I’m trying to get started using postgres for IoT sensor time-series storage and grafana. I know about time-series specific databases and such, as well as timescaledb, but would prefer to go with plain postgres if possible for a variety of reasons. I’m writing-up my plans in the hope that it spurs some discussion that may help me find a better design or that helps others reading this in the future.
I have relatively modest requirements: ~1000 time-series with a data point every minute, more specifically:
- ~1000 time-series mostly with a data point every minute
- typ message from a device contains about 10 metrics, or put differently, groups of about 10 metrics share timestamps and much of the meta-data
- quad-core ARM w/2GB memory, eMMC storage (i.e. not a big x64 box)
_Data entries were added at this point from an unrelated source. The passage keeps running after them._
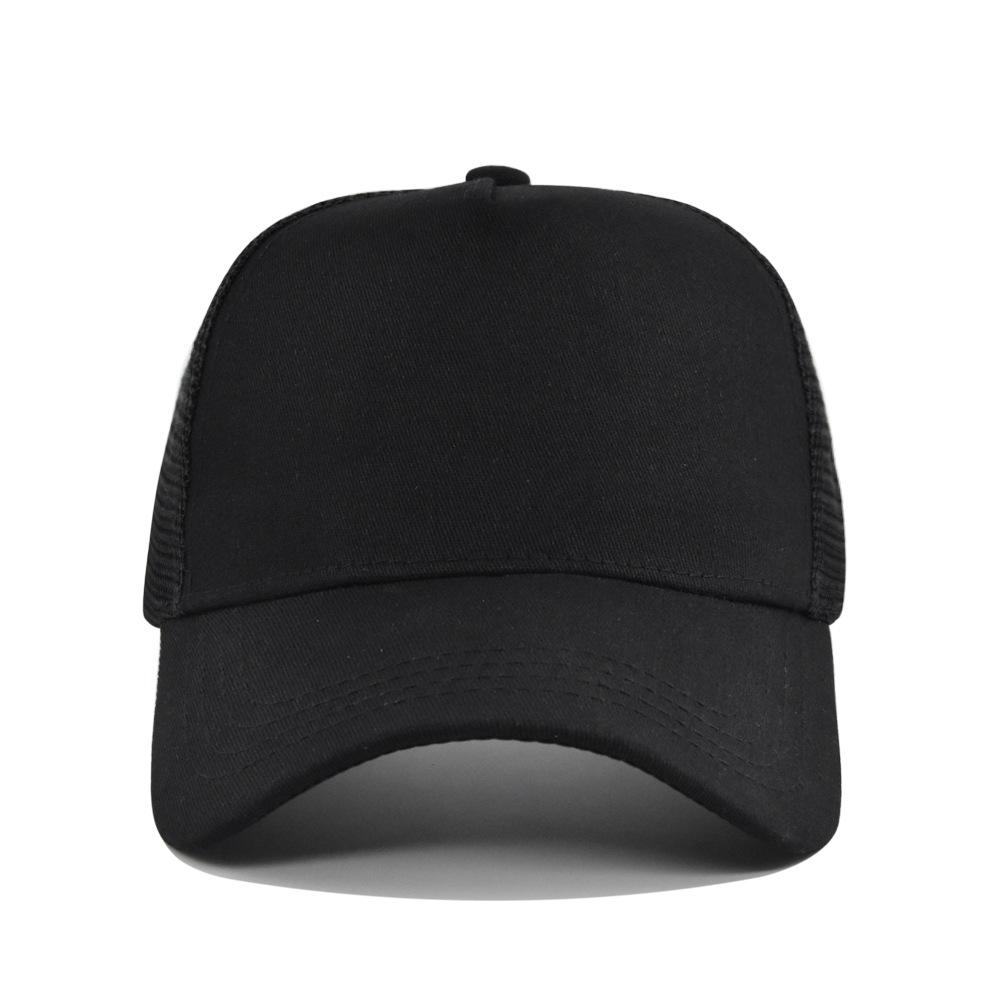 Customized Logo Printed Baseball Cap Hard Top 5 Panels Mesh Caps For Unisex Women Cap Breathable Sun Hat Pure Color Gorra Wholesale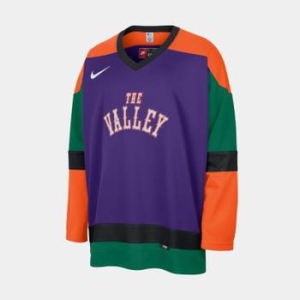 나이키  NBA 피닉스 선스 시티 에디션 맨즈 라이프 저지 Purple/Green FZ0353-504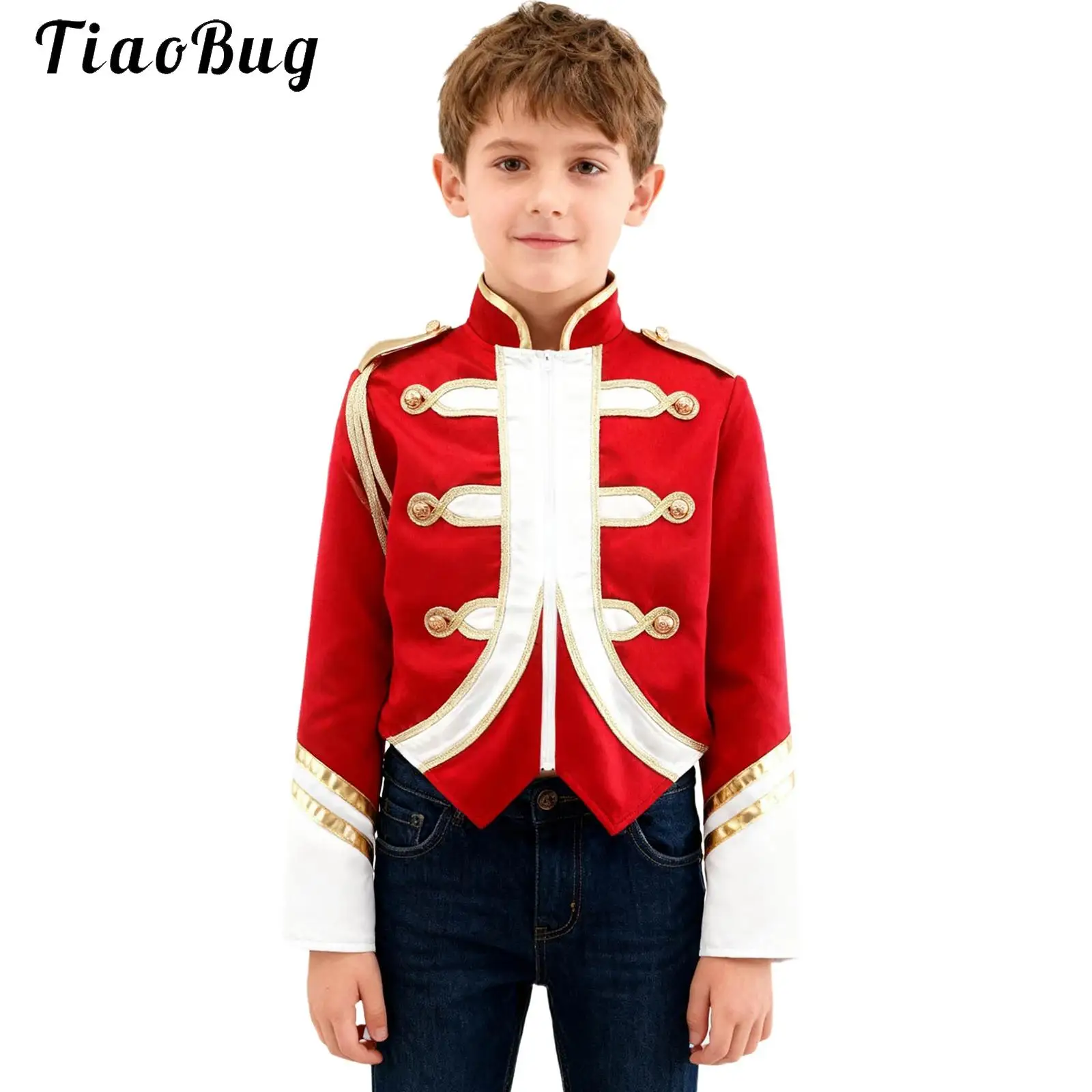 

Unisex Drum Marching Band Major Uniform Circus Ringmaster Costume Boys Girl Zip Up Jacket Coat for Trumpet Honor Guard Partywear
- at least 10-years lifetime of the DB (not necessarily the HW)
My first option is to use a narrow data table for the time-series with just three columns: time-stamp, tags, and value; where tags is a foreign key to a record that has all the meta-data, e.g., device, sensor, metric, name, scale, unit, location, etc… This provides great flexibility because a device can report whatever metrics it wants to and they can be represented individually.
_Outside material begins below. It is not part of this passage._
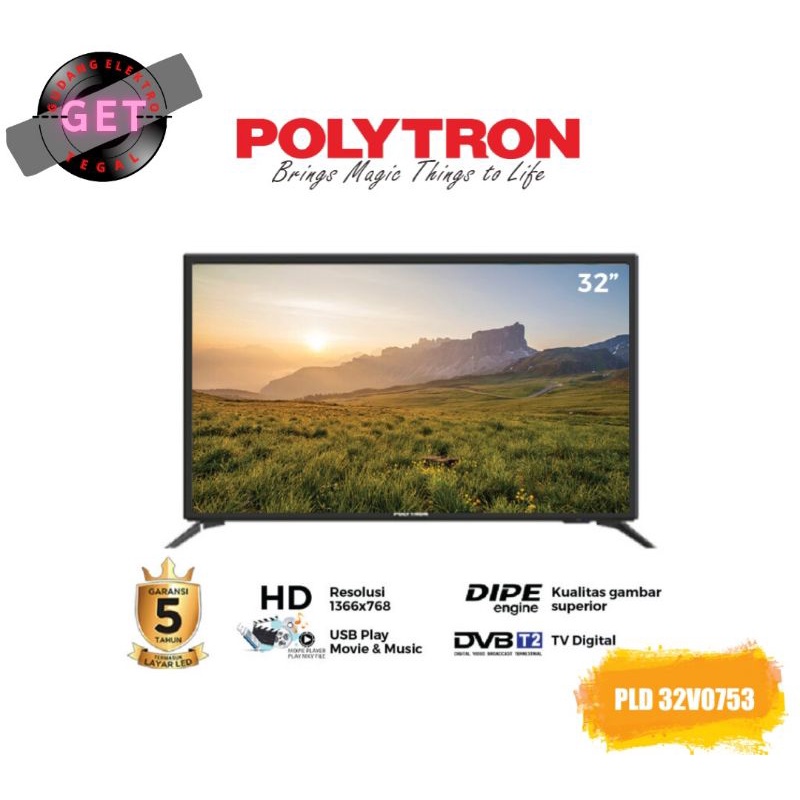 LED TV POLYTRON 32 INCH ~ PLD 32V0753/32V1853 DIGITAL TUNER [DVB-T2] 5 TAHUN GARANSI (KOTA TEGAL)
I believe this means that assuming timestamp, integer, real columns a data table row uses
23+8+4+4=39 Edit: 23+1+8+4+4=40 bytes. Thus 1000 metrics, for one year, every minute would accumulate to about 21GB of data. That’s not impossibly large but not small either, given the “low end” system I’m contemplating.
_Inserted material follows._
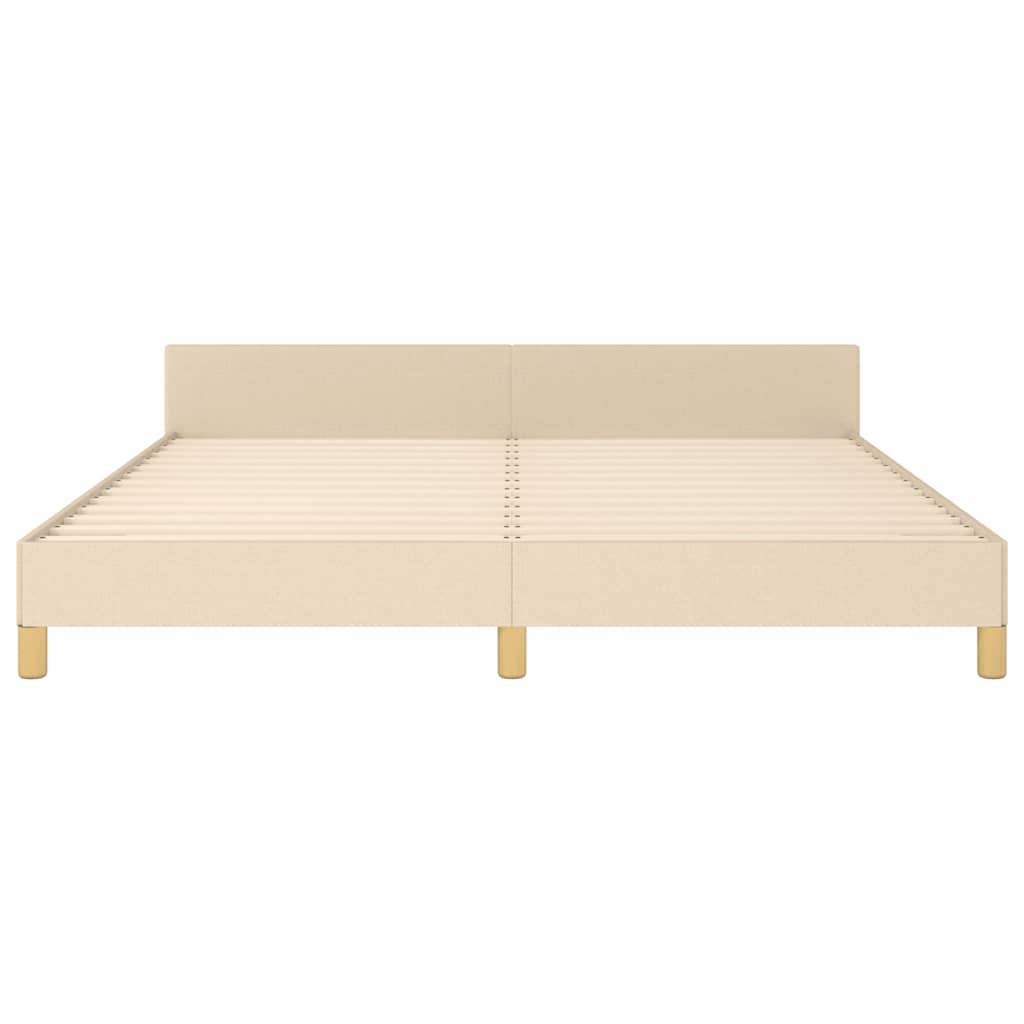 Cadre de lit sans matelas crème 180x200 cm tissu - XIOS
One thing that is clear is that I need to partition the table by timestamp, probably monthly, so I can deal with old data, whether that’s deleting or archiving.
I’m pretty sure I will need to produce aggregated tables, e.g. hourly, daily or whatnot. Otherwise I expect that the time to produce the data for a dashboard full of yearly graphs will take forever. What is not clear to me is how to automatically switch between the raw and the various aggregated tables on the grafana end, I wonder whether a view can do that so I don’t have to have mile-long SQL in each graph’s definition.
An alternative design would be to use a wider table for the time-series. E.g. a row could hold timestamp, foreign key to meta-data, and an array of values (all the values reported by a device in one message). Assuming an average of 10 values in the array that would result in
23+8+4+10*4=75 bytes per row and 4GB per year. Edit: I forgot the array overhead, which seems to be ~20 bytes. I ended up using pg_column_size to find out that a row with 10 values uses 97 bytes, which sums to 5GB per year.
The 4x size reduction over option 1 is certainly attractive. The downside is that the SQL becomes more complex because the meta-data has to specify which array element to extract the value from.
Thoughts? I’m sure others have gone down this or a very similar path, but I haven’t found a whole lot of write-ups or experiences…